Et si la contraception n’était plus seulement une affaire de femmes ? Préservatif, vasectomie, méthodes thermiques… les options masculines existent bel et bien, mais restent méconnues. Entre idées reçues et manque de soutien, ces solutions gagneraient pourtant à être mieux connues et discutées.
En mars dernier, la France a été le premier pays au monde à inscrire explicitement l’interruption volontaire de grossesse (IVG) dans sa Constitution. Mais quid de la contraception ? Et surtout de la contraception masculine. À la rédaction, on s’est demandé où on en était et on a cherché à comprendre pourquoi celle-ci était encore peu développée.
Depuis quand parle-t-on de contraception masculine?
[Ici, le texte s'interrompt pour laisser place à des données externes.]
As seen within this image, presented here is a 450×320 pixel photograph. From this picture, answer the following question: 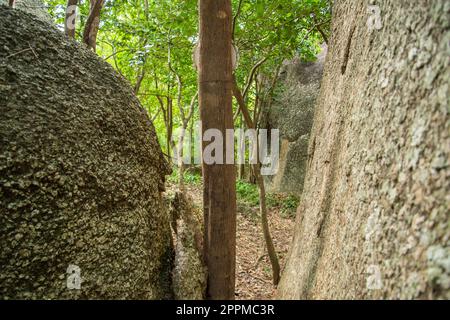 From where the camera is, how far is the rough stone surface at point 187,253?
3.05m

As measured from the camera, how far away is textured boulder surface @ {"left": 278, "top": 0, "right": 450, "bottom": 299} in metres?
1.43

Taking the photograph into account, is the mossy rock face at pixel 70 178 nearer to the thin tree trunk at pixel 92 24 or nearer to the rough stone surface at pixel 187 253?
the rough stone surface at pixel 187 253

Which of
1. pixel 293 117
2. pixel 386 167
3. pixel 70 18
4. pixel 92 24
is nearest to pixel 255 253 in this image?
pixel 92 24

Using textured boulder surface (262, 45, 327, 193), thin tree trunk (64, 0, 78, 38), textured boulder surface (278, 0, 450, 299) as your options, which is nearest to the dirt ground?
textured boulder surface (262, 45, 327, 193)

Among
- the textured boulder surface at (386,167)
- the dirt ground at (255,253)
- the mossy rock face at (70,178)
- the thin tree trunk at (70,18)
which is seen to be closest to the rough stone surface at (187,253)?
the mossy rock face at (70,178)

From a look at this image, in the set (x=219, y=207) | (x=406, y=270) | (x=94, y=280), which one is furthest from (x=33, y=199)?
(x=406, y=270)

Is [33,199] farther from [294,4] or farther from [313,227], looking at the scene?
[294,4]

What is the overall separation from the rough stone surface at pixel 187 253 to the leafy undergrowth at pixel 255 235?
44.6 inches

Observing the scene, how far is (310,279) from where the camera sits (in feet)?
8.81

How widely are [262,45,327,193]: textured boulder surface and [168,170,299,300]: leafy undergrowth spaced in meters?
1.00

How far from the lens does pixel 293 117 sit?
12.8m

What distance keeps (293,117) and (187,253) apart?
10.4 meters

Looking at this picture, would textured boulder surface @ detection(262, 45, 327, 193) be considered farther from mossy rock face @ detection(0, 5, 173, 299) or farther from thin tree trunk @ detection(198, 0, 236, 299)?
mossy rock face @ detection(0, 5, 173, 299)

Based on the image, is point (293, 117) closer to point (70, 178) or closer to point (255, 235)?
point (255, 235) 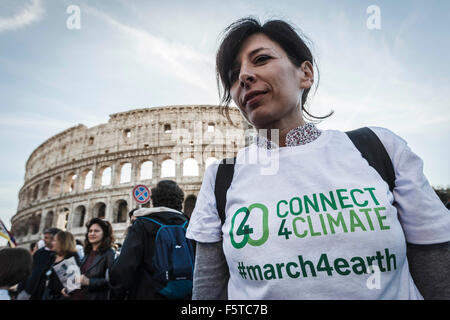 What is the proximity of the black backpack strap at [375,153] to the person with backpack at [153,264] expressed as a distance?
92.2 inches

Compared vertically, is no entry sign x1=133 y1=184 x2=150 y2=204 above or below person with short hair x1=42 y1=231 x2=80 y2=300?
above

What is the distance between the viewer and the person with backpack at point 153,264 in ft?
8.57

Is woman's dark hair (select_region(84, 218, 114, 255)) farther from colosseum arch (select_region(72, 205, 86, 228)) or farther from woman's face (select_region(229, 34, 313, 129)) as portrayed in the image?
colosseum arch (select_region(72, 205, 86, 228))

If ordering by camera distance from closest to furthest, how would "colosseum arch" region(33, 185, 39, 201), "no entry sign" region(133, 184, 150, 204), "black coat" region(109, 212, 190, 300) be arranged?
"black coat" region(109, 212, 190, 300), "no entry sign" region(133, 184, 150, 204), "colosseum arch" region(33, 185, 39, 201)

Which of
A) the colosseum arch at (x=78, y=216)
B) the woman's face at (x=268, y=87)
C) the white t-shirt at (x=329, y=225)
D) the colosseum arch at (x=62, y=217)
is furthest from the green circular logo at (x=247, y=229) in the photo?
the colosseum arch at (x=62, y=217)

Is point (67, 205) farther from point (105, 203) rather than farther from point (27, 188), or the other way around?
point (27, 188)

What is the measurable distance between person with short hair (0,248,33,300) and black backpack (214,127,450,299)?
2.99 m

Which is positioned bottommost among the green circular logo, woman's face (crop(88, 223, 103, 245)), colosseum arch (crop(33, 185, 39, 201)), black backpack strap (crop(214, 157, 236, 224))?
woman's face (crop(88, 223, 103, 245))

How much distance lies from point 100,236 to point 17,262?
1410 millimetres

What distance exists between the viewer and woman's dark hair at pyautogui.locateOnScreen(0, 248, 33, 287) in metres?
2.62

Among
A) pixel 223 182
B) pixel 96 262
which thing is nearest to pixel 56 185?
pixel 96 262

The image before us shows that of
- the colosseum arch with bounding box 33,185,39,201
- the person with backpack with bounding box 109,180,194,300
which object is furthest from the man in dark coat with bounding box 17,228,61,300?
the colosseum arch with bounding box 33,185,39,201

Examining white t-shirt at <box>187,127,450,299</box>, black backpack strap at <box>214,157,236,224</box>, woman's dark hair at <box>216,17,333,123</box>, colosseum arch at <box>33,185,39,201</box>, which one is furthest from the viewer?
colosseum arch at <box>33,185,39,201</box> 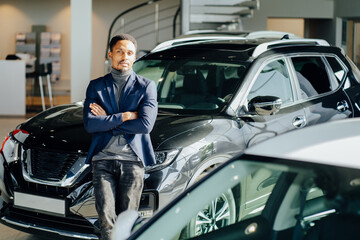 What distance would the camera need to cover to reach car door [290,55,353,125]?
5211 mm

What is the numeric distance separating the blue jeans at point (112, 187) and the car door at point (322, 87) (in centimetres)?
190

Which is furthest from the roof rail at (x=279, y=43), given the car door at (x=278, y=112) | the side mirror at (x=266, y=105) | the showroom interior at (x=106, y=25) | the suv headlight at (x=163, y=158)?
the showroom interior at (x=106, y=25)

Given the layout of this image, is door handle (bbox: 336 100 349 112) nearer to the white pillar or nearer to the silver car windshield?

La contraception, c’est l’une des plus grandes avancées médicales et sociales du XXe siècle. Mais une avancée qui semble être une affaire de femmes. Et pourtant, ça aurait pu ne pas être le cas… Dans les années 1950, lorsque le scientifique américain Gregory Pincus invente avec l’aide de militantes féministes, une pilule contraceptive féminine, une version masculine est aussi pensée. Mais elle est très rapidement abandonnée. La raison : «Le plus gros obstacle pour les scientifiques était l’attitude des hommes en général. Ils avaient peur qu’une pilule contraceptive interfère avec leur libido, ce qui n’était pas acceptable», explique le médecin.
Dans les années 1970, une méthode avec des injections de testostérone est mise en place, mais elle cause des effets secondaires qui la rendent impopulaire auprès des hommes : prise de poids, baisse de la libido, troubles de l’humeur… Bref, les mêmes effets secondaires que la contraception hormonale féminine.
Quelles sont les options qui existent aujourd’hui?
Aujourd’hui, en France, seulement deux méthodes de contraception masculine sont reconnues par la Haute Autorité de santé (HAS). Le port du préservatif masculin et la vasectomie, une opération consistant à sectionner les canaux déférents, reliant les testicules à la prostate, pour empêcher le passage de spermatozoïdes. Cette contraception autorisée depuis 2001 est considérée comme définitive, bien qu’une opération restauratrice soit possible, mais avec des résultats aléatoires.
Selon une étude menée par l’Assurance maladie et l’Agence nationale de sécurité du médicament (ANSM), cette dernière a vu son nombre d’interventions multiplié par 15 entre 2010 et 2022, passant de 1 940 à 30 288. Même si cette évolution semble importante, le phénomène reste marginal puisqu’il représente 0,15 % des Français.
D’autres méthodes contraceptives existent, mais ne sont ni reconnues par l’OMS, ni par les autorités de santé en France. C’est par exemple le cas de la méthode thermique. Depuis les années 1980, une équipe de médecins toulousains travaillent sur ce principe : en remontant les testicules, leur température augmente de quelques degrés grâce à la chaleur corporelle et va ainsi mettre la production de spermatozoïdes en sommeil. Plusieurs techniques utilisant ce principe existent comme le slip chauffant, le jockstrap ou l’anneau thermique Andro-Switch, conçu par le bordelais Maxime Labrit.
Pourquoi la contraception masculine peine tant à se développer?
La contraception masculine se développe difficilement, et de nombreux facteurs semblent être responsables. Tout d’abord, les laboratoires peinent à investir. Pour Maxime Labrit, « le problème pour les pharmaceutiques, c’est qu’avec une technique comme l’anneau, ils ne gagnent pas assez d’argent. C’est une méthode qui coûte peu cher à la personne et à la société. »
Dans une tribune de Libération portée par un collectif d’associations dont le Planning familial ou GARCON (groupe d’action et de recherche pour la contraception masculine), l’idée qu’il n’y ait pas de volonté politique à promouvoir la contraception masculine est également abordée. « Quand les institutions font correctement leur travail, on observe qu’un homme sur cinq y a recours [à la vasectomie] ».
En plus de tout cela s’ajoute un tabou tenace : « Il y a encore de nombreux freins virilistes. Pour plein de mecs, porter atteinte à leur fertilité revient à mettre en cause leur masculinité », explique Guillaume Daudin, auteur de la BD « Les Contraceptés ».